No matter what the default is in the build.gradle file - in a team based development effort you should really use a repository manager like Sonatype Nexus or JFrog Artifactory and not reference those upstream repositories directly.
This will allow you to save a lot of bandwidth, combine both and many other repositories and manage it all in your own network.
In terms of Maven Central vs JCenter. JCenter is effort from JFrog to embrace, extend (and exterminate?) Maven Central. Maven Central is the default repository in Maven, SBT and others, while Gradle has switched to JCenter. This is not surprising considering that JFrog and Gradleware work together as companies. Since the Android SDK uses Gradle as build system now, the move to JCenter was a logic next step.
JCenter itself is a thin veneer on top of Maven Central. It proxies it (more or less successfully) and adds additional components. Both are hosted on CDN networks and highly performant. Maven Central itself is the target for all Eclipse, Apache and most other open source projects and without it JCenter would be mostly empty.

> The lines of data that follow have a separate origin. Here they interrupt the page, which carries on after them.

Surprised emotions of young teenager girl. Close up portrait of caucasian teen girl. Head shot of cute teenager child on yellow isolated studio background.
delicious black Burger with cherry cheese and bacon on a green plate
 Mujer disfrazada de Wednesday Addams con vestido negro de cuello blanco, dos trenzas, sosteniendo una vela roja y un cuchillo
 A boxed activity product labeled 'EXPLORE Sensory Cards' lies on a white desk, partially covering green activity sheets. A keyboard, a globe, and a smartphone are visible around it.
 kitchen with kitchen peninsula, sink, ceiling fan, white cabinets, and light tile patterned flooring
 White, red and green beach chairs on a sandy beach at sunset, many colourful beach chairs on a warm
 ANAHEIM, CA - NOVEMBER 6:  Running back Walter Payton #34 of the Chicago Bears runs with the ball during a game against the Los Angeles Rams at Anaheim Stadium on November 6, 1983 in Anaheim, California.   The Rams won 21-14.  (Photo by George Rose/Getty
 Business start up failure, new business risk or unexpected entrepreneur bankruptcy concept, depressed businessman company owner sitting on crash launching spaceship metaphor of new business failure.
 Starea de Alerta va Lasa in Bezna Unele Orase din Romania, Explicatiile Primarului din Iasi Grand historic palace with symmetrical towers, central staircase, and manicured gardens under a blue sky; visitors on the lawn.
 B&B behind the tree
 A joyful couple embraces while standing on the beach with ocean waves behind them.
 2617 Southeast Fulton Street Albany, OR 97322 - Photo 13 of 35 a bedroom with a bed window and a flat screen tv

Using either of them will work fine, but I would suggest to go straight to the source where you can and on top of that take control of it by using a repository manager. Nexus Open Source for example is free and has support for Maven repositories as used by Maven, Gradle, SBT, Ivy and others as well as NuGet, NPM and RubyGems support.
Disclaimer: I am the author of Repository Management with Nexus and Nexus trainer for Sonatype, the sponsor of the free Central Repository, the project lead of the Android Maven Plugin and have pushed some Android libraries to Central by rebuilding from AOSP.